## Prepping Files for Model Juptyer Notebook
The purpose of the notebook is to take files in the EdNet-KT1 data set and combine them together while also removing and changing some of the values in the columns. The changes will be outputted to a file called 'combined_dataset.csv'

Contributor: Will Sessoms

#### Data Merging Preparation
Our original dataset is comprised of one csv file per each of the 784k students, which results in massive overhead when reading in data. To prevent this, we're taking all of the relevant data and merging it into one unified dataset that can be easily read, navigated, and edited.
kt1_dir = "Data/KT1"
questions_fname = "Data/contents/questions.csv"


In [None]:
import os
import polars as pl # Using polars instead of pandas for speed. >9 million lines in 784k csv files.
from tqdm import tqdm
import pandas as pd
import pyarrow as pa # Needed for conversion from polars to pandas
from sklearn.model_selection import StratifiedShuffleSplit

In [None]:

# Load important columns of questions file (finding correct_answer and tags)
# This only needs to be done once but we'll reference it multiple times per student interaction
questions_fname = "Data/contents/questions.csv"
kt1_dir  = "Data/KT1"

questions = (
    pl.read_csv(questions_fname)
    .with_columns([
        pl.col("question_id").str.replace("q", "").cast(pl.Int32),
        pl.col("bundle_id").str.replace("b", "").cast(pl.Int32),
        pl.col("tags").cast(pl.Utf8)
    ])
    .select(["question_id", "correct_answer", "bundle_id", "tags"])
)


student_files = [os.path.join(kt1_dir, f) for f in os.listdir(kt1_dir) if f.endswith(".csv")]

dfs = []

### Data Fetching and Merging
Here, we take all of the information that we need from each KT1 file and combine it into a single .csv

In [None]:
# For each interaction, we take the student_id, question_id, bundle_id, tags, elapsed_time, and whether they answered correctly
for file in tqdm(student_files, desc="Progress"):
    # Take student_id from filename, remove 'u' prefix to make it int
    student_id = int(os.path.basename(file).replace("u", "").replace(".csv", ""))

    df = (
        pl.read_csv(file)
        .with_columns([
            pl.lit(student_id).alias("student_id"),
            pl.col("question_id").str.replace("q", "").cast(pl.Int32), # Remove 'q' prefix to make question_id int
        ])
        .join(questions, on="question_id", how="left")
        .with_columns([
            # Adds 'correct' column, which details if student got the question correct
            (pl.col("user_answer").str.strip_chars().str.to_lowercase() == pl.col("correct_answer").str.strip_chars().str.to_lowercase())
            .cast(pl.Int8)
            .alias("correct")
        ])
        .select(["student_id", "timestamp", "question_id", "bundle_id", "tags", "elapsed_time", "correct"])
    )

    # Tags are currently in a list, we need to flatten them so they work in csv
    df = df.with_columns(
        pl.col("tags")
        .cast(pl.Utf8)
        .str.replace_all(r"\[|\]|\s", "")
        .str.replace_all(",", ";")
        .alias("tags")
    )

    dfs.append(df)

# Sort by student_id, then timestamp
final_df = pl.concat(dfs, how="vertical").sort(["student_id", "timestamp"])
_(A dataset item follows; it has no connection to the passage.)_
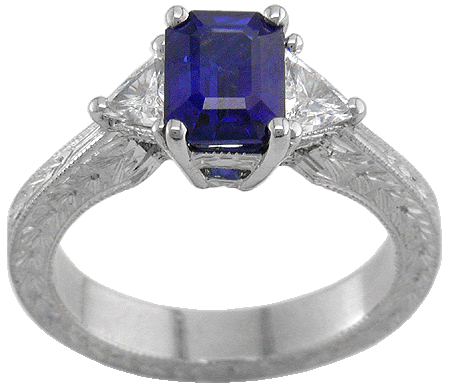 Sapphire and trilliant diamond platinum hand engraved ring.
fname = "combined_dataset.csv"
final_df.write_csv(fname)
print(f"Saved {fname}")

### Splitting Data

Next, we need to split the data into our training and validation sets. Our priority is not to mix students, so none of the student in the training set will be in the validation set and vice versa. We additionally chose to split by student activity level (using the total number of interactions logged) to avoid skewing a set with better/worse students.

In [None]:
dataset = "combined_dataset.csv"
data = pl.read_csv(dataset)

# Make a dataframe that counts the number of interactions per student
n_interactions = data.group_by("student_id").len().rename({"len": "n_interactions"})
n_interactions_df = n_interactions.to_pandas()
# print(n_interactions.head())

# Put into 4 bins based off the number of interations for that student
# We do this to make sure that heavily active and inactive students are represented in both training and validation sets
bins = pd.qcut(n_interactions_df["n_interactions"], q=4, labels=False, duplicates="drop")
n_interactions_df["activity_bin"] = bins

# 80/20 split based on the activity bins
splitter = StratifiedShuffleSplit(n_splits=1, test_size=0.2, random_state=865)
train_idx, val_idx = next(splitter.split(n_interactions_df, n_interactions_df["activity_bin"]))

# This splits the students into training and validation sets based on their activity bins to ensure stratified sampling
train_students = n_interactions_df.iloc[train_idx]["student_id"].tolist()
val_students = n_interactions_df.iloc[val_idx]["student_id"].tolist()

# Sanity check
print(f"Training students: {len(train_students)}")
print(f"Validation students: {len(val_students)}")

# Filters the original data to create separate dataframes for training and validation students
train_df = data.filter(pl.col("student_id").is_in(train_students))
val_df = data.filter(pl.col("student_id").is_in(val_students))

# Save as parquet file to reduce file size and loading reading speed
train_df.write_parquet("train_data.parquet")
val_df.write_parquet("val_data.parquet")